▶ Your instructions
Transcribe only the lines in the data below falling between the line with "X0000111021122200907022153" and the line with "Cartoon Schrodinger's cat in box", including those two lines, and leave out any picture.

▶ Excerpted records
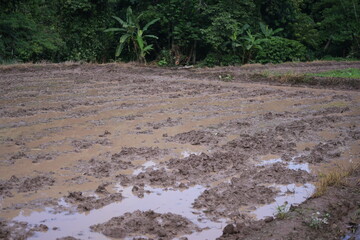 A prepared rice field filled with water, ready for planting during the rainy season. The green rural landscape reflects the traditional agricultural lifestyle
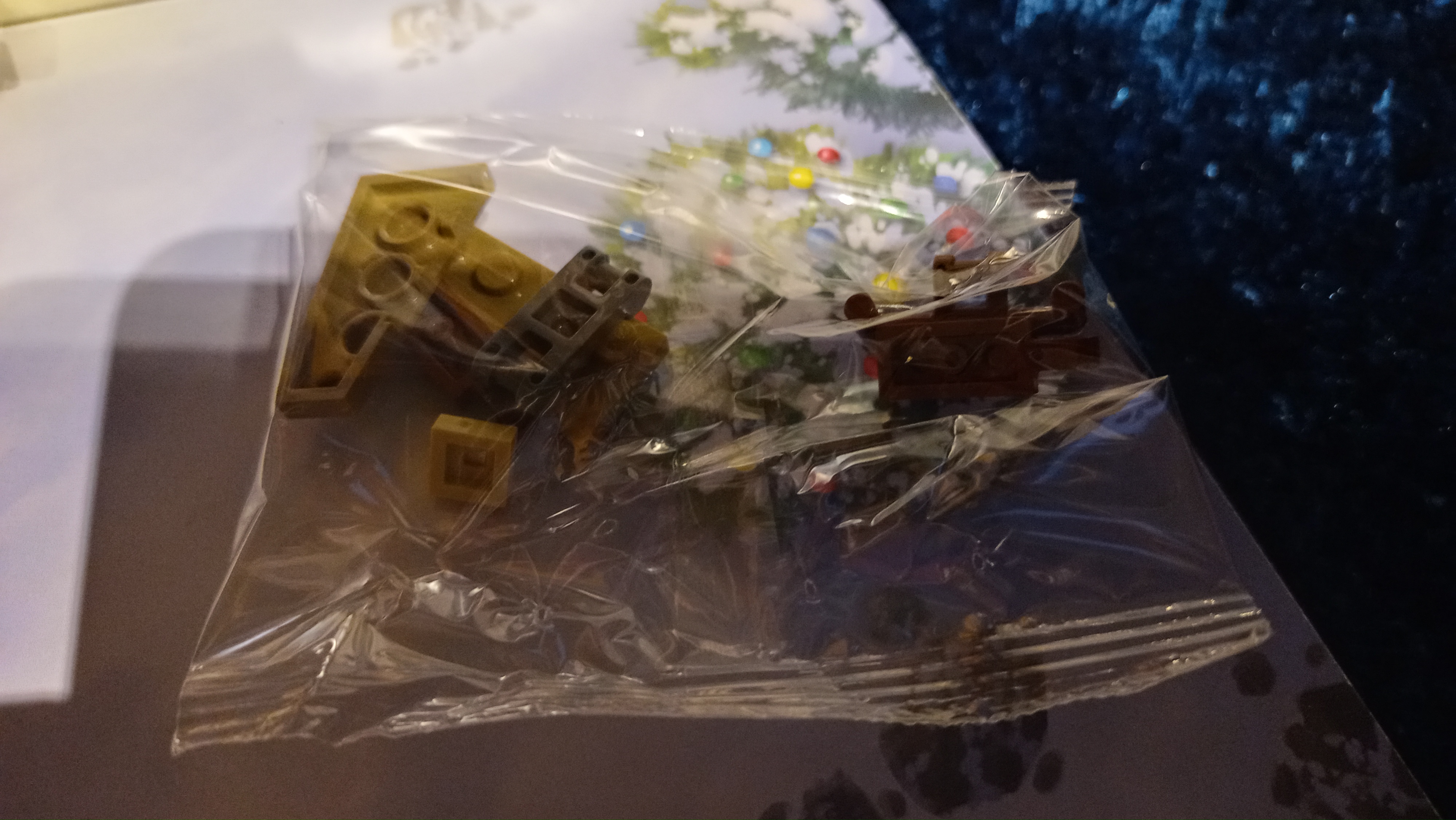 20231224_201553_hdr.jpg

==

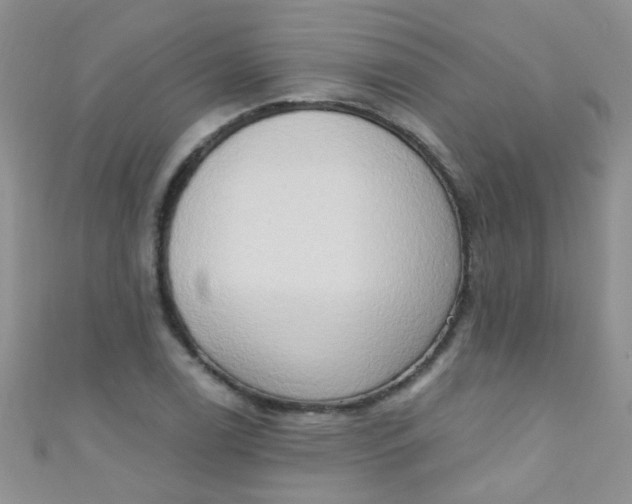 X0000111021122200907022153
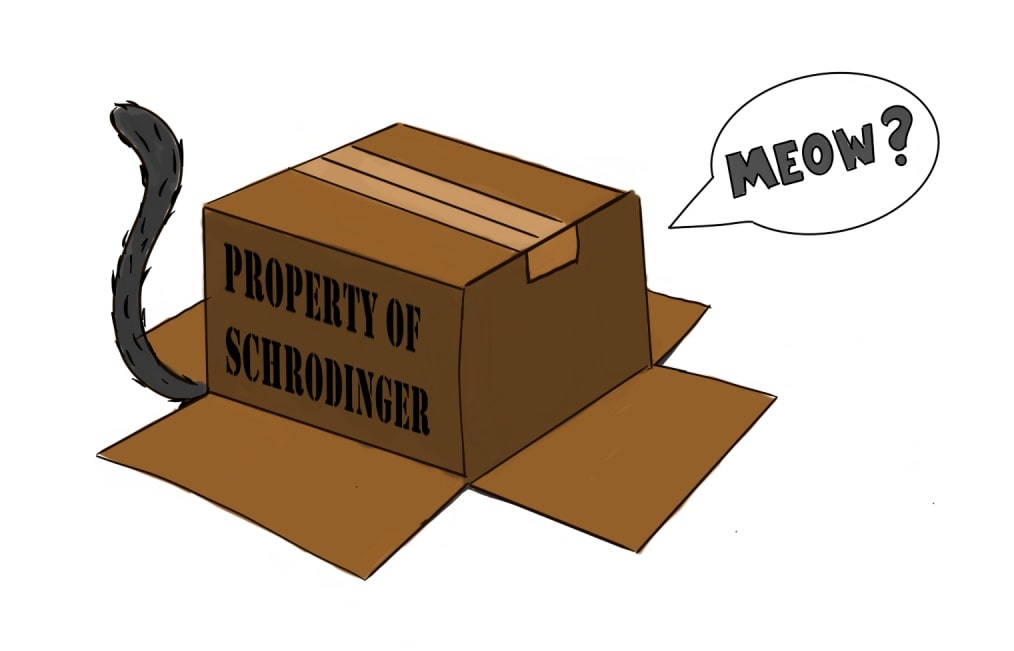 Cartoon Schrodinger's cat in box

▶ Exercise solution
 X0000111021122200907022153
 Cartoon Schrodinger's cat in box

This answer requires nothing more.